▸ RECORDS FOR THE TASK

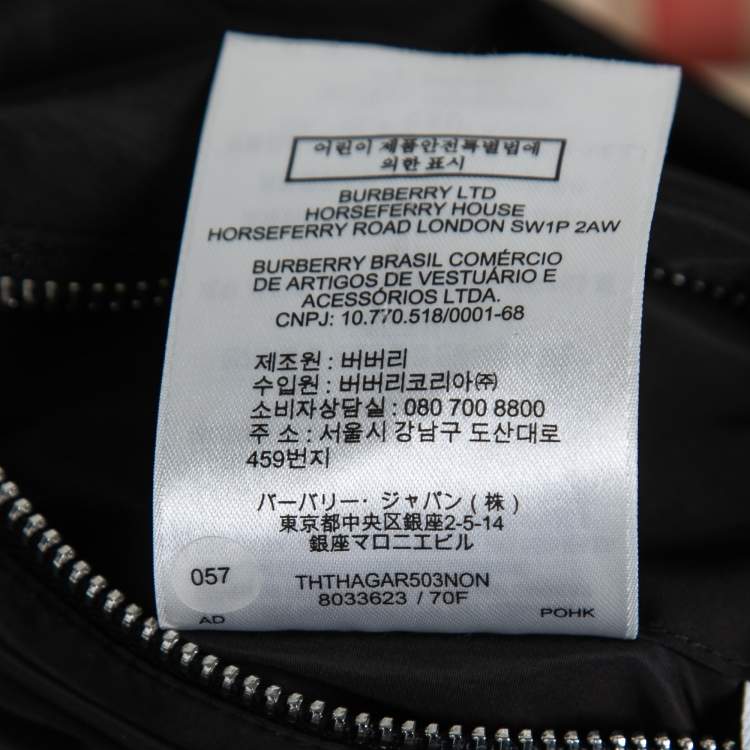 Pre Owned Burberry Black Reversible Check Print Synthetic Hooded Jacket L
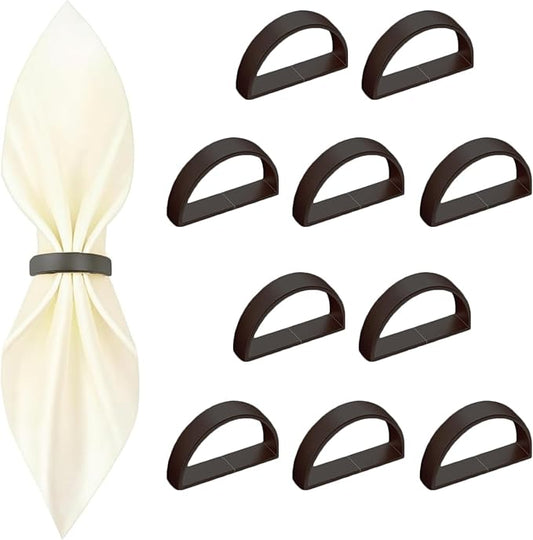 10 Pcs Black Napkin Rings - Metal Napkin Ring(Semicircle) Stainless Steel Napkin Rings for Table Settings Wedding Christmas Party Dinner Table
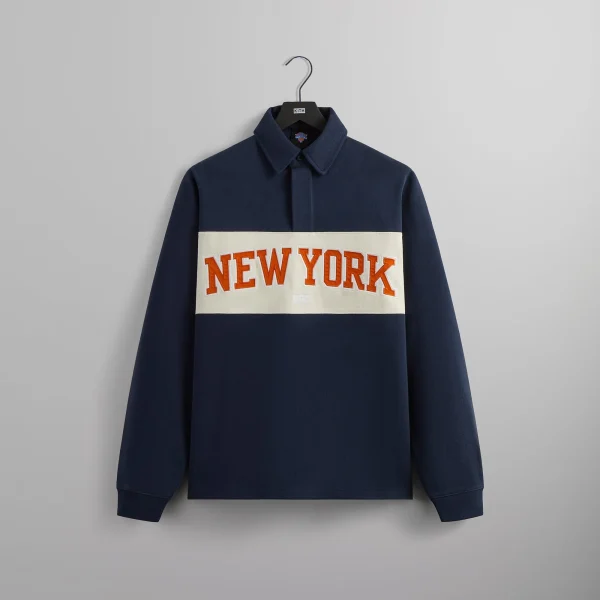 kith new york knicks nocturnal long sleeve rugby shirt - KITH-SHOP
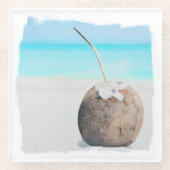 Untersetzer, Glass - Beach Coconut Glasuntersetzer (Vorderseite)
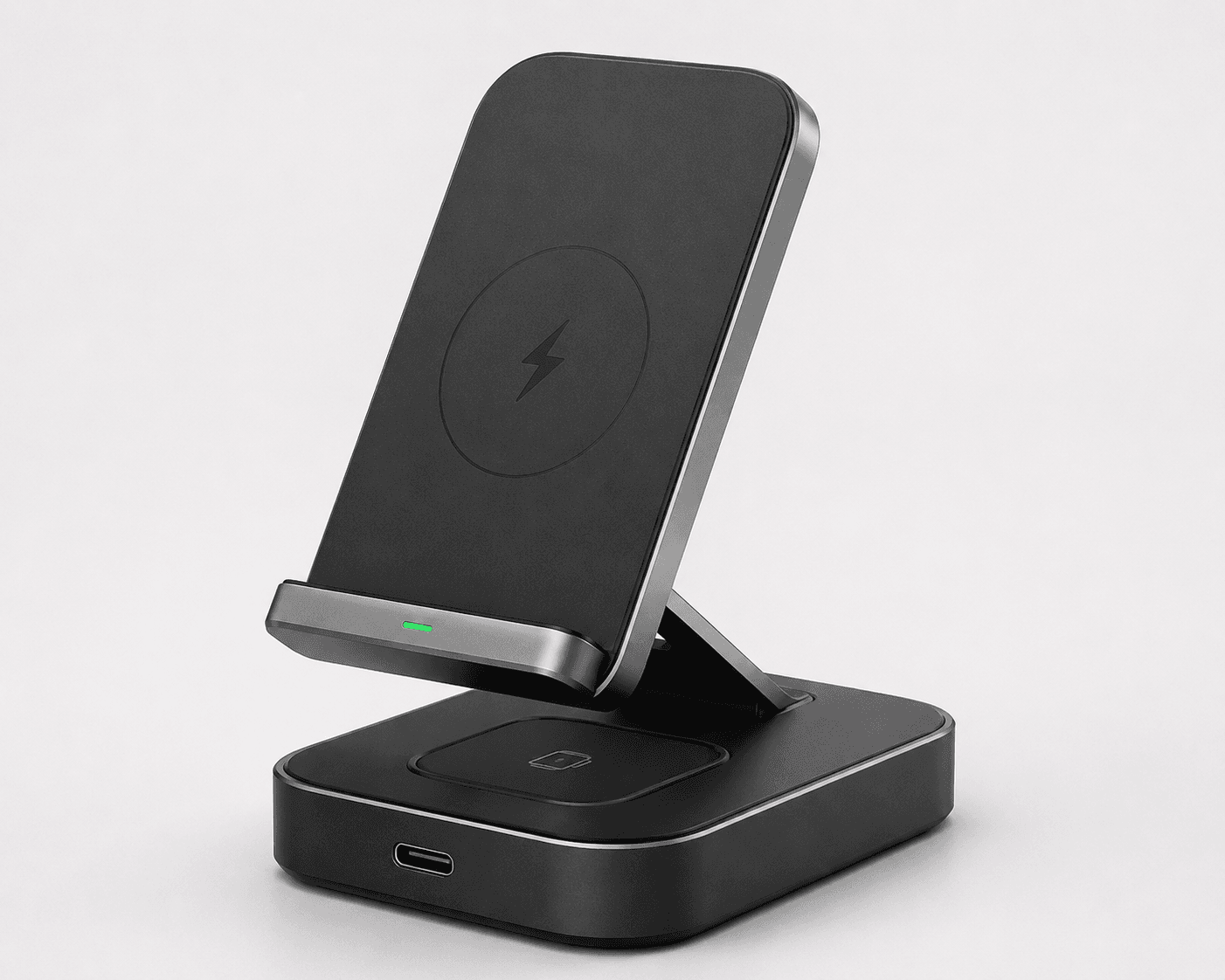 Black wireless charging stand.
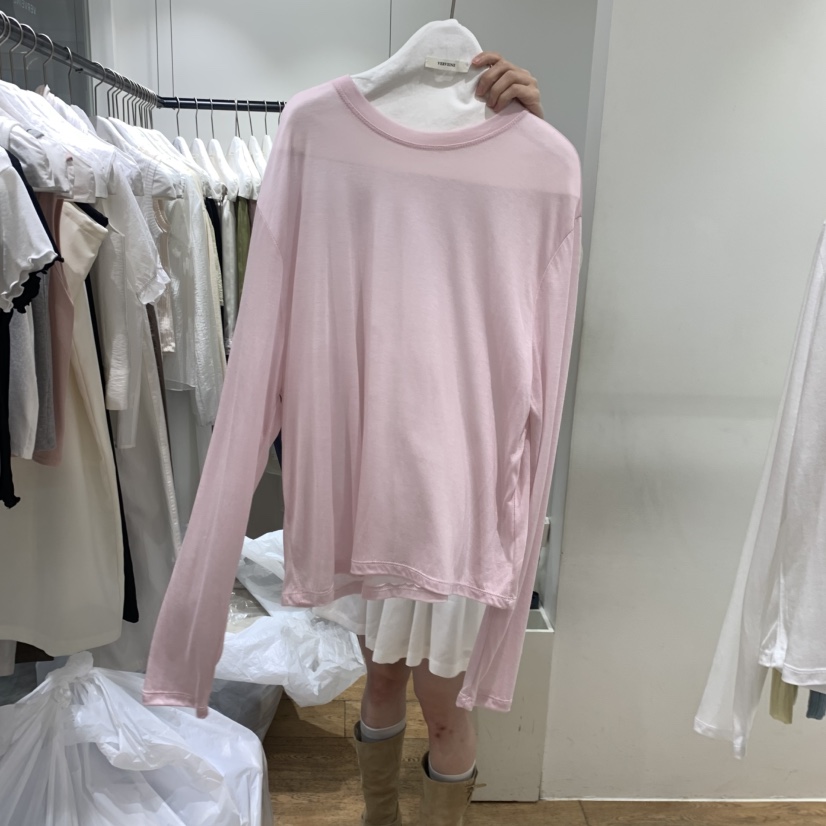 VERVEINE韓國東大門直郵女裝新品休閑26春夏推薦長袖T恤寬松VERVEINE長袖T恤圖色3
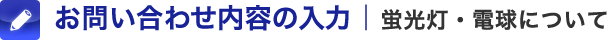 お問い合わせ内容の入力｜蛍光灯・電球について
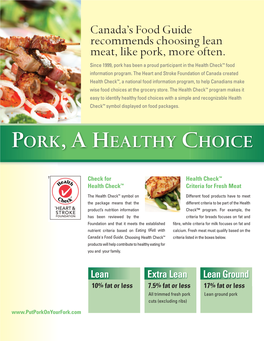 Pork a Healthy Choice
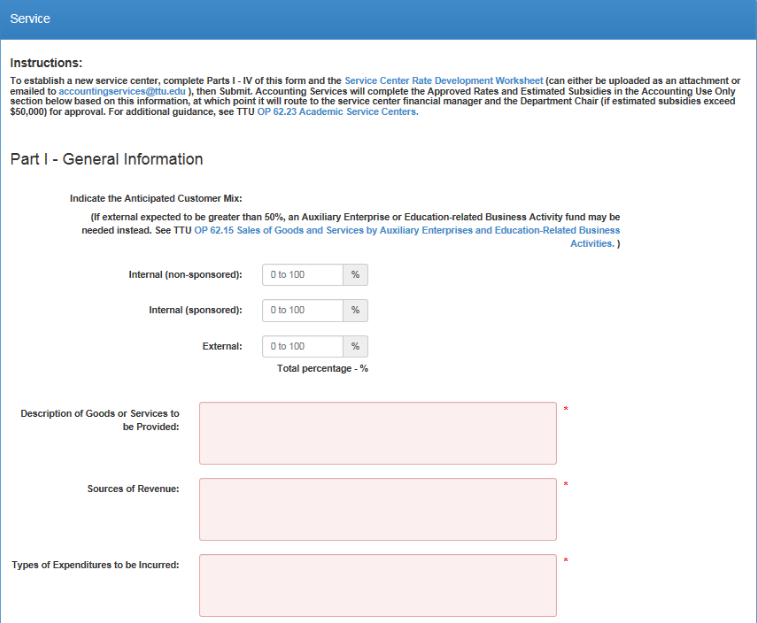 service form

...

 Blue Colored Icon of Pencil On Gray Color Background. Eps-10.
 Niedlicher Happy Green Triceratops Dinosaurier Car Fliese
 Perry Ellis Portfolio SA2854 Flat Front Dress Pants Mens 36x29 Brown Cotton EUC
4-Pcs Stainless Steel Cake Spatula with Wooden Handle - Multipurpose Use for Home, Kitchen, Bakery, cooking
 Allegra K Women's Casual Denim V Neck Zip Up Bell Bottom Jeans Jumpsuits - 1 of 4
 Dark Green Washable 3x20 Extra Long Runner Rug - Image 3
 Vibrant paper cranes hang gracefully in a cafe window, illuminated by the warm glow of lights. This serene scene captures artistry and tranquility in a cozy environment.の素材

...

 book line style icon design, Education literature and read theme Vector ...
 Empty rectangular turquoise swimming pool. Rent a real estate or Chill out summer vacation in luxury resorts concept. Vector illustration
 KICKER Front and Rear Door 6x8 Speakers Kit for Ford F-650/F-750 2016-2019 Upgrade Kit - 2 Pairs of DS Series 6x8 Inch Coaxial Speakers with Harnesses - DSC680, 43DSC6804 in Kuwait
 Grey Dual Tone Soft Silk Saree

▸ YOUR TASK
From the entries above, pull out each line that includes "Vector".

▸ TASK SOLUTION
 book line style icon design, Education literature and read theme Vector ...
 Empty rectangular turquoise swimming pool. Rent a real estate or Chill out summer vacation in luxury resorts concept. Vector illustration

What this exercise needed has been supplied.